The Fiscal Year 2021 Consolidated Appropriations Act provides the Department of Homeland Security (DHS) with the authority to lift the existing statutory cap of 66,000 annual H-2B visas.  We urge DHS to promptly make available the maximum number of additional Congressionally-authorized H-2B visas while balancing safety to meet the labor needs of seafood processors in our states.

On February 24, 2021, U.S. Citizenship and Immigration Services (USCIS) announced that it had received enough petitions to meet the H-2B cap for the second half of FY 2021.  February 12, 2021 was the final receipt date for new cap-subject H-2B worker petitions requesting an employment start date before October 1, 2021. 

Unfortunately, many small, family-owned businesses in our states were unable to obtain H-2B visas before the cap was met last week.  Without these additional visas, our states’ treasured seafood industries, which are crucial to the economies of the Northern Neck and Eastern Shore, will be forced to scale back operations, default on contracts, lay off full-time American workers or, in some cases, close operations completely. 

Despite good faith efforts to find local seasonal workers, our seafood industries rely on H-2B workers for tough jobs such as shucking oysters and processing crabs.  Seafood processors have used the seasonal H-2B visa program to supplement their U.S. workforce for decades and have not grown significantly in the numerical requests for visas over time. The April 1 seasonal start date is just weeks away and the seafood processors in our will not be able to operate without their seasonal workforce.

Additionally, we have also received reports that USCIS has decided to use ‘receipt by’  instead of ‘mailed by’ dates to reject otherwise timely applications. A number of our constituents mailed their applications before the deadline but due to inclement weather on the East Coast their applications were delivered after the cap was met.
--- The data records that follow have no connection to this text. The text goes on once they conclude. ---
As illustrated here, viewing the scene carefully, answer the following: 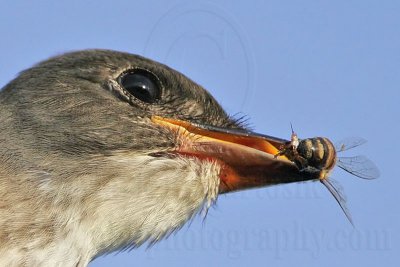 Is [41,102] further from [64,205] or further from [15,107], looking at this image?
[64,205]

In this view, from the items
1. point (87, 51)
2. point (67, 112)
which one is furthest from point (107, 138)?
point (87, 51)

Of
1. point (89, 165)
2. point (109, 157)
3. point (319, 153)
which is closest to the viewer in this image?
point (89, 165)

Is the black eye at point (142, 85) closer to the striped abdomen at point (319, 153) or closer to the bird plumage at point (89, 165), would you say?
the bird plumage at point (89, 165)

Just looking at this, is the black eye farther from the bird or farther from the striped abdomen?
the striped abdomen

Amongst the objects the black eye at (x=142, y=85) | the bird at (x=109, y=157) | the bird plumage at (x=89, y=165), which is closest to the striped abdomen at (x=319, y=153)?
the bird at (x=109, y=157)

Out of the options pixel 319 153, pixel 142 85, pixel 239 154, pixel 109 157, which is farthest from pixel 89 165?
pixel 319 153

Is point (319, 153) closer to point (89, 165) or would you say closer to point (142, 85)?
point (142, 85)

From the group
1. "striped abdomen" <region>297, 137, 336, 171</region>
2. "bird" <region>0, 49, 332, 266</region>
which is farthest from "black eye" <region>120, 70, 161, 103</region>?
"striped abdomen" <region>297, 137, 336, 171</region> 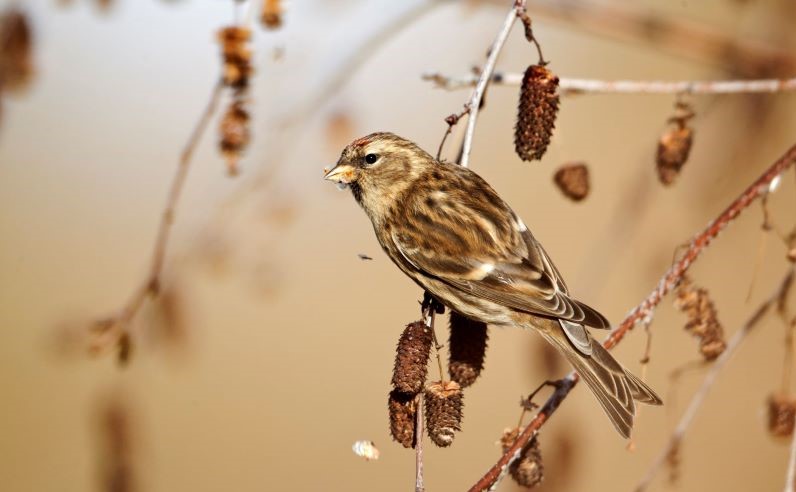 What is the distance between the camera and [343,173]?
276 centimetres

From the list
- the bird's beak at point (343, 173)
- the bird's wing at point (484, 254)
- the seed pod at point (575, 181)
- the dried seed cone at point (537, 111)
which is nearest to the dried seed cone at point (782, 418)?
the bird's wing at point (484, 254)

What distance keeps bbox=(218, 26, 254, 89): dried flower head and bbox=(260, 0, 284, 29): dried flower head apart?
2.8 inches

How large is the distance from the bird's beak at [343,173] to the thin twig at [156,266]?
50 cm

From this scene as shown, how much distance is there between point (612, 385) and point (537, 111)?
2.55ft

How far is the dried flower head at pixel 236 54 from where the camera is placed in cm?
238

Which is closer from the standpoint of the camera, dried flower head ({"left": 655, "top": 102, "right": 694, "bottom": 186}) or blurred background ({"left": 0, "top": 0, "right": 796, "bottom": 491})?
dried flower head ({"left": 655, "top": 102, "right": 694, "bottom": 186})

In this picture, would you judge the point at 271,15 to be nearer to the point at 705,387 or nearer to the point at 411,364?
the point at 411,364

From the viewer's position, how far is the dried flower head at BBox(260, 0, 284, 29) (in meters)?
2.46

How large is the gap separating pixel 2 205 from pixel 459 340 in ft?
24.8

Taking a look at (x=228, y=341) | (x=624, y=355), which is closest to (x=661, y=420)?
(x=624, y=355)

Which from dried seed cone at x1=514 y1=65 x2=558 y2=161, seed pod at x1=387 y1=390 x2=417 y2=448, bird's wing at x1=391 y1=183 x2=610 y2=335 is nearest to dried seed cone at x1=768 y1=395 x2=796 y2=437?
bird's wing at x1=391 y1=183 x2=610 y2=335

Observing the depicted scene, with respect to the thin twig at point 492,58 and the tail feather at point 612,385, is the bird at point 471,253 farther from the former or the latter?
the thin twig at point 492,58

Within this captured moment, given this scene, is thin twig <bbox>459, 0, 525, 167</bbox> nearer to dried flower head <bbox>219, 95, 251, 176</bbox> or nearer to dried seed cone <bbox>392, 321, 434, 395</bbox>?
dried seed cone <bbox>392, 321, 434, 395</bbox>

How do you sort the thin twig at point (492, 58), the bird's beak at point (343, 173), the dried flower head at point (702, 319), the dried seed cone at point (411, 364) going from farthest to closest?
the bird's beak at point (343, 173)
the dried flower head at point (702, 319)
the thin twig at point (492, 58)
the dried seed cone at point (411, 364) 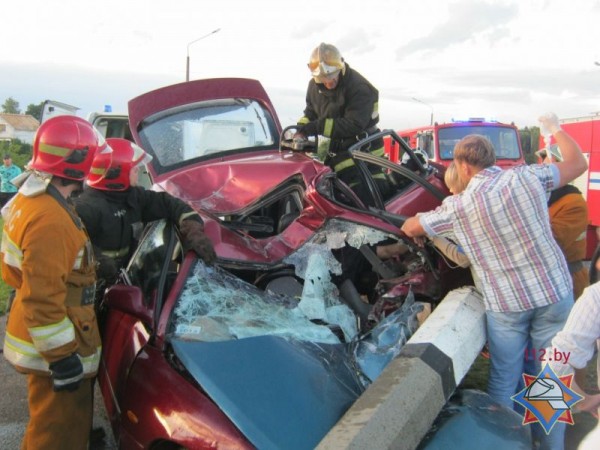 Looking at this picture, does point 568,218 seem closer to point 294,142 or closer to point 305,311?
point 305,311

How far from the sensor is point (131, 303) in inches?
102

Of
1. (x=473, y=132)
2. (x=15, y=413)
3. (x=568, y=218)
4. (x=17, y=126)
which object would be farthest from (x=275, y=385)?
(x=17, y=126)

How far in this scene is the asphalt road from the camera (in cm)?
328

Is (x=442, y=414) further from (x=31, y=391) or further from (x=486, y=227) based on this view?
(x=31, y=391)

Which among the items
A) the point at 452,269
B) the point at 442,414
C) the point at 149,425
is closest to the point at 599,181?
the point at 452,269

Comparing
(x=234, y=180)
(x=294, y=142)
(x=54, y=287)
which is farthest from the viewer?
(x=294, y=142)

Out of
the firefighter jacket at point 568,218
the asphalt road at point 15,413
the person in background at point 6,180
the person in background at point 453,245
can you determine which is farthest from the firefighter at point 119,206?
the person in background at point 6,180

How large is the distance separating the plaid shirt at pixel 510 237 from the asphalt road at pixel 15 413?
2408 millimetres

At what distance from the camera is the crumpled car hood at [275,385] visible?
76.2 inches

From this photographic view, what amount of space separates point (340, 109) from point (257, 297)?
2.35 metres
For example, USCIS Forms I-129, Petition for Nonimmigrant Workers overnighted on February 11, 2021 were not delivered until several days later due to winter storms. Among the employers affected are several seafood companies on Maryland’s Eastern Shore and the Northern Neck of Virginia. Employers elsewhere in the country using the same shipping methods had their applications receipted before the cap simply due to their geographic location. We ask that you reconsider these decisions and allow these applications to proceed.

We thank you in advance for your prompt attention to this matter; the viability of many seasonal businesses in our states depend on the H-2B program.